▶ Task input
==================================================
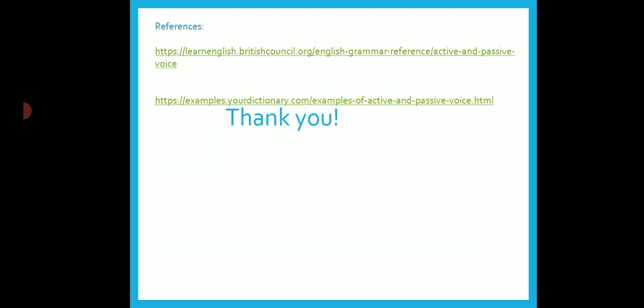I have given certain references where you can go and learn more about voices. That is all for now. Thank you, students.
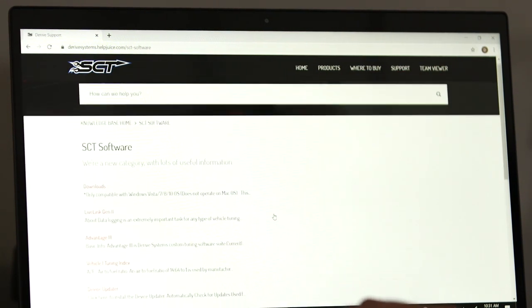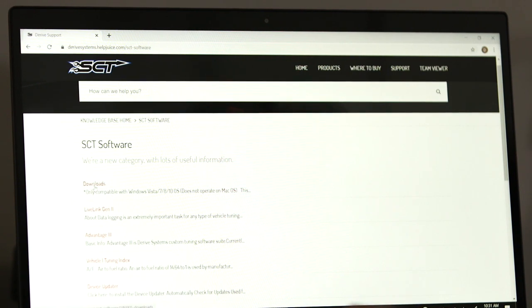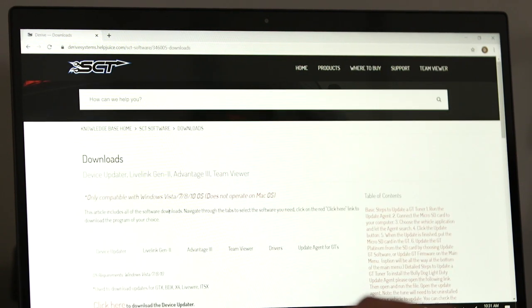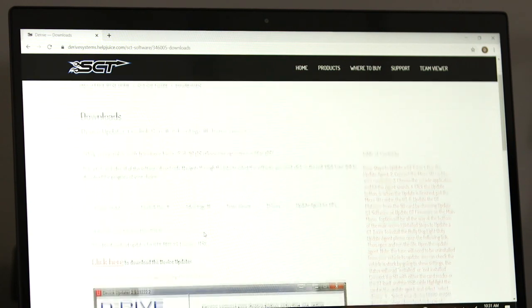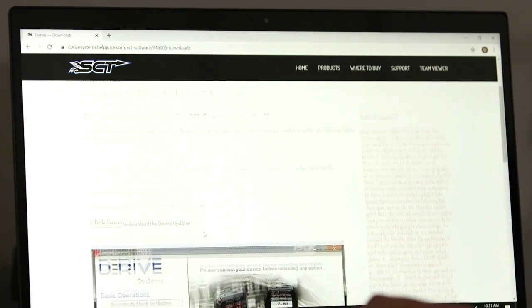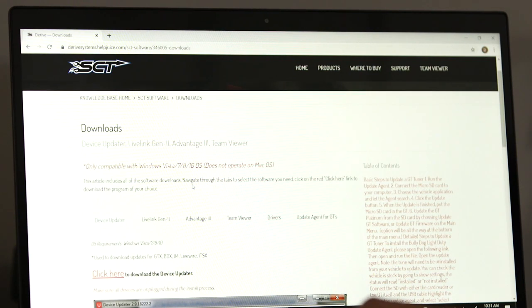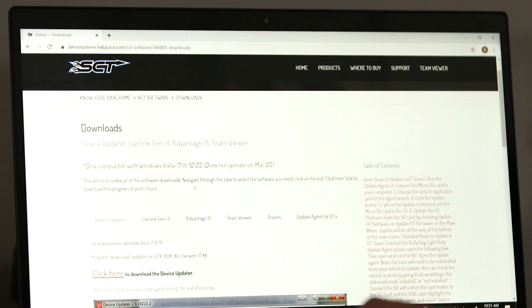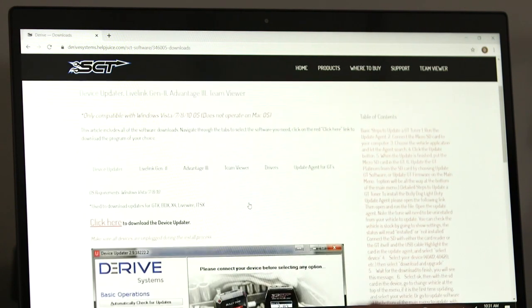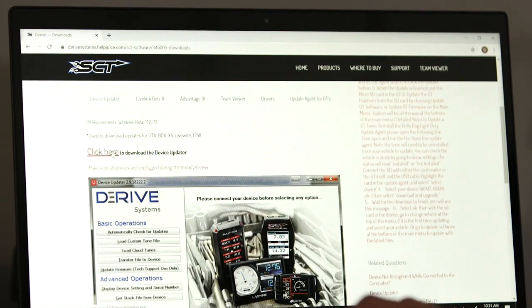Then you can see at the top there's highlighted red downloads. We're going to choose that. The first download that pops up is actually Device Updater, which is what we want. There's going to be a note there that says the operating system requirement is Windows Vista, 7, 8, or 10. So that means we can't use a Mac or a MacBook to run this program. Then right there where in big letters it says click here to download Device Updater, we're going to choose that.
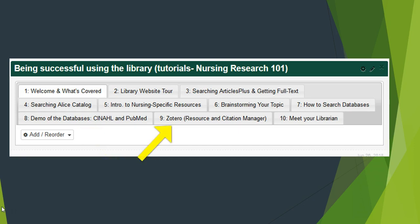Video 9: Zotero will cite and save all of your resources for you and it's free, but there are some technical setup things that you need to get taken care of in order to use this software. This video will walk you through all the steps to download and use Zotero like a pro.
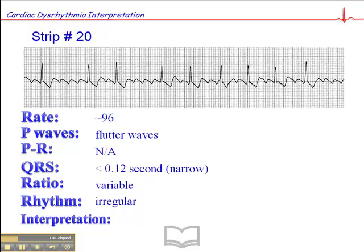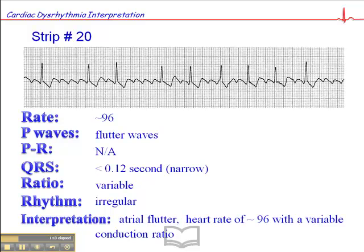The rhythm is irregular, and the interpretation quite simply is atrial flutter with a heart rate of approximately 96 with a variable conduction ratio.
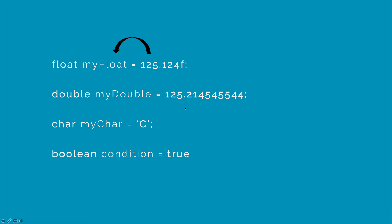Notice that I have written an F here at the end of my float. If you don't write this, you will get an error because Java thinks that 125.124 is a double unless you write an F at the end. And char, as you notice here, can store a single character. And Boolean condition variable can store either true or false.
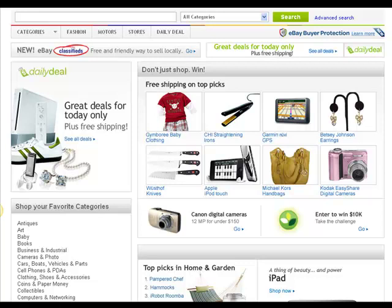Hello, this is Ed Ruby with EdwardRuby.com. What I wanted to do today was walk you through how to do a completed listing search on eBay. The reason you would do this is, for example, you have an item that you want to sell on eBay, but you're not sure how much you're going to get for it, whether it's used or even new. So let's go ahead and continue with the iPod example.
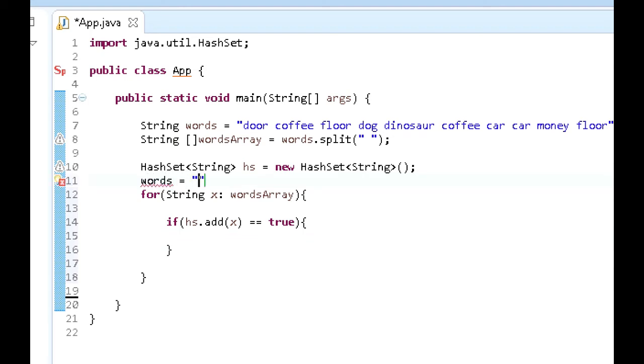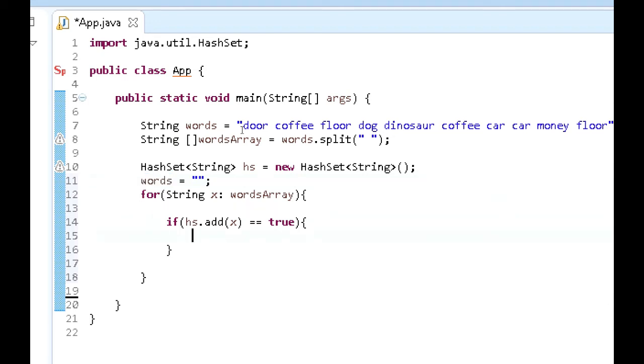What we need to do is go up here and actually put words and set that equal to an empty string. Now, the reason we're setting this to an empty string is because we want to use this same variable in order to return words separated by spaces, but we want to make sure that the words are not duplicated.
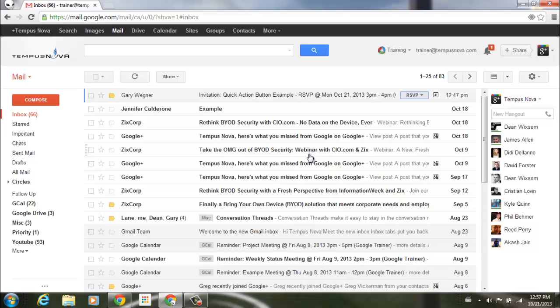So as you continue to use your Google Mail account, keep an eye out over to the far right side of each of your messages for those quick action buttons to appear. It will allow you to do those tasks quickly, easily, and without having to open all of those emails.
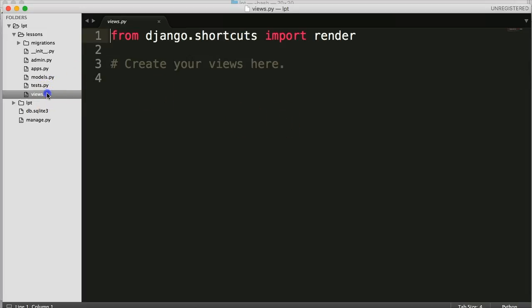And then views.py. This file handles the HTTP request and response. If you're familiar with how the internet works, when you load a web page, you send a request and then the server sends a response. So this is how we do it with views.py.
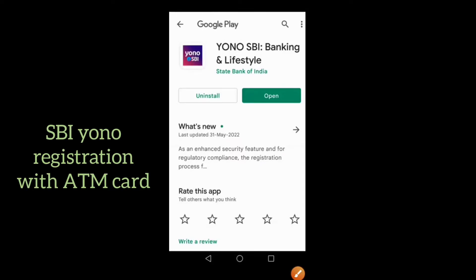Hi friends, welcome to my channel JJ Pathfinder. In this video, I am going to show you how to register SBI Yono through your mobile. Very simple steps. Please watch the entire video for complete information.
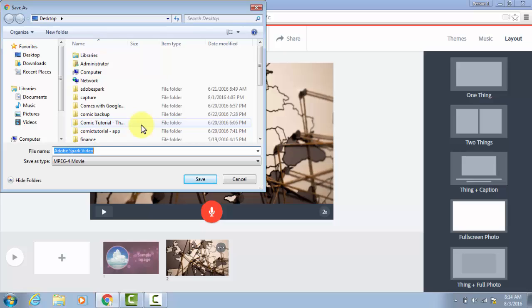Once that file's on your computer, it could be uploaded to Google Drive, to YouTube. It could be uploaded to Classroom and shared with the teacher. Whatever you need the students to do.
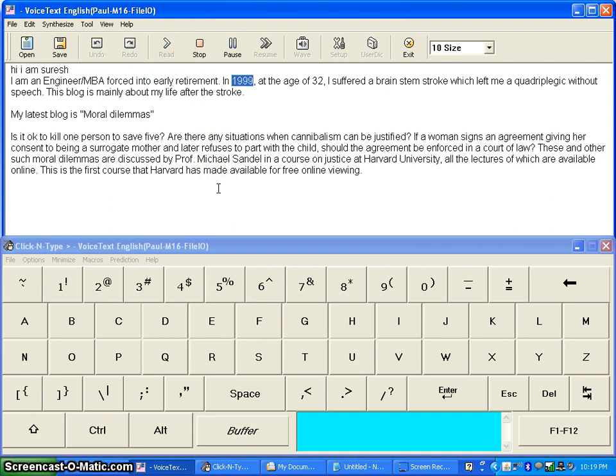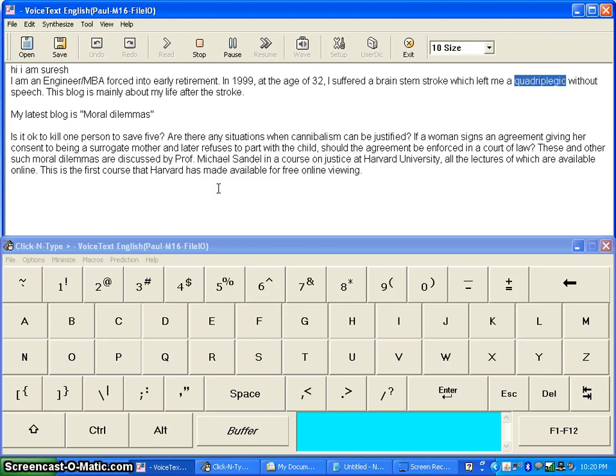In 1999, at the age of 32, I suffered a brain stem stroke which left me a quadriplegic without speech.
==================================================
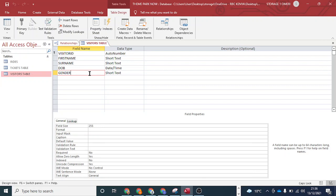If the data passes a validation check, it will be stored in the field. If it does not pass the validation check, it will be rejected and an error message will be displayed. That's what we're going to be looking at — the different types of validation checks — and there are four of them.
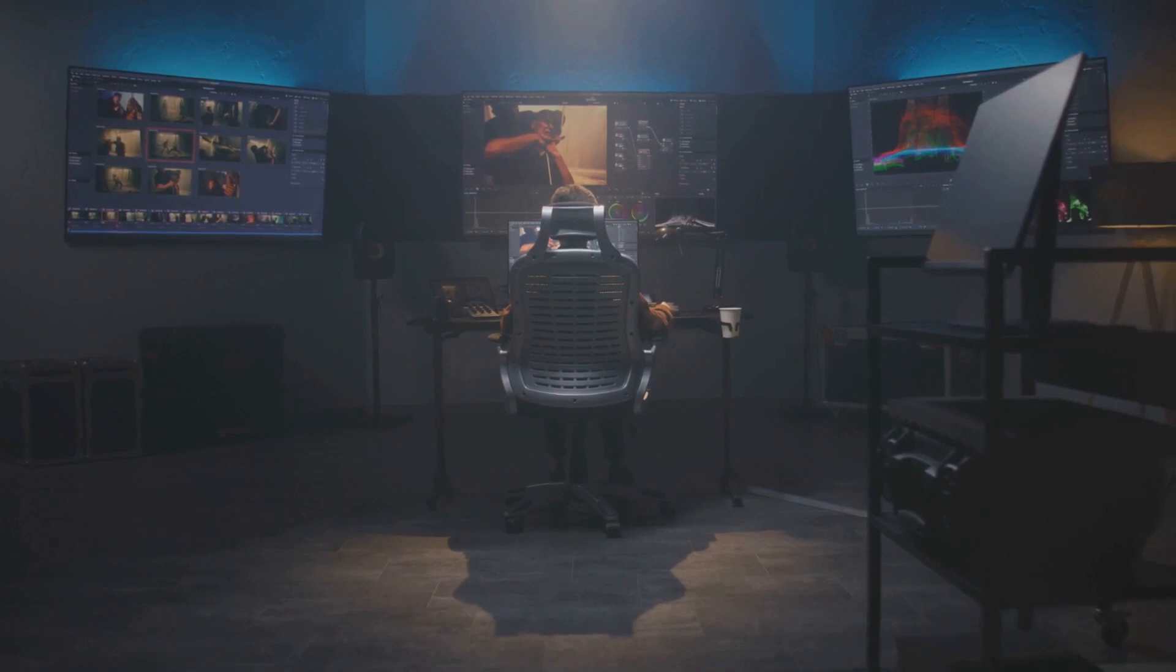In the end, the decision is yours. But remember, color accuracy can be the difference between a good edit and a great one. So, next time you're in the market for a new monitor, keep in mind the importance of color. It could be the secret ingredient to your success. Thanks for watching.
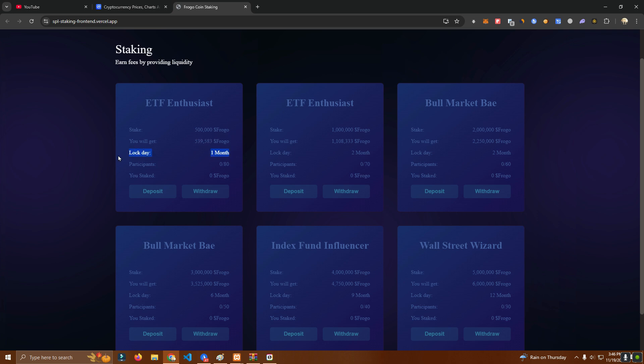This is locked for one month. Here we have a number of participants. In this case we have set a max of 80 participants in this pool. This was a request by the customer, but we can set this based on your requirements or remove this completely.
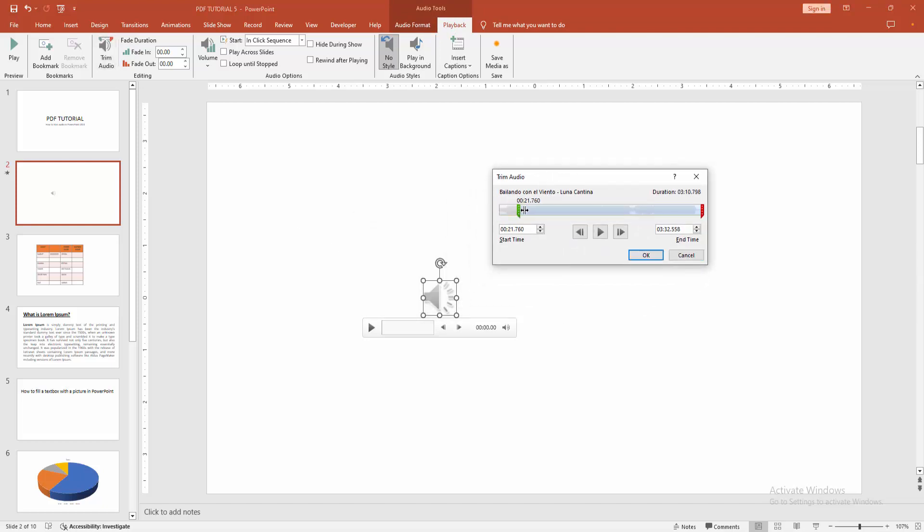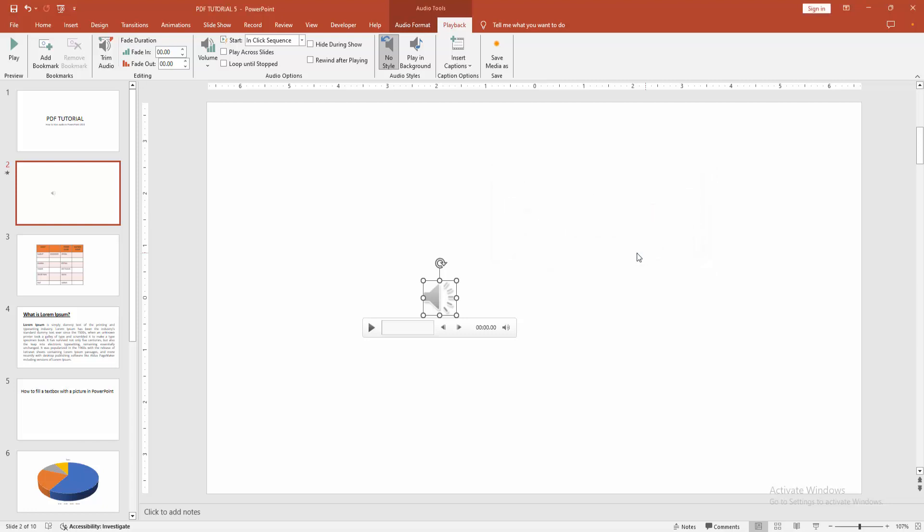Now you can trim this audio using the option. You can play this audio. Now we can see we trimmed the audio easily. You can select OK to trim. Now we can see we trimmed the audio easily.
==================================================
▶ What is needed
All that should be printed is the run of lines above from the one with "I have given" through the one with "Video 9: Zotero", both included, exactly as given, with pictures left out.

▶ Solved problem
I have given certain references where you can go and learn more about voices. That is all for now. Thank you, students.
Then you can see at the top there's highlighted red downloads. We're going to choose that. The first download that pops up is actually Device Updater, which is what we want. There's going to be a note there that says the operating system requirement is Windows Vista, 7, 8, or 10. So that means we can't use a Mac or a MacBook to run this program. Then right there where in big letters it says click here to download Device Updater, we're going to choose that.
Video 9: Zotero will cite and save all of your resources for you and it's free, but there are some technical setup things that you need to get taken care of in order to use this software. This video will walk you through all the steps to download and use Zotero like a pro.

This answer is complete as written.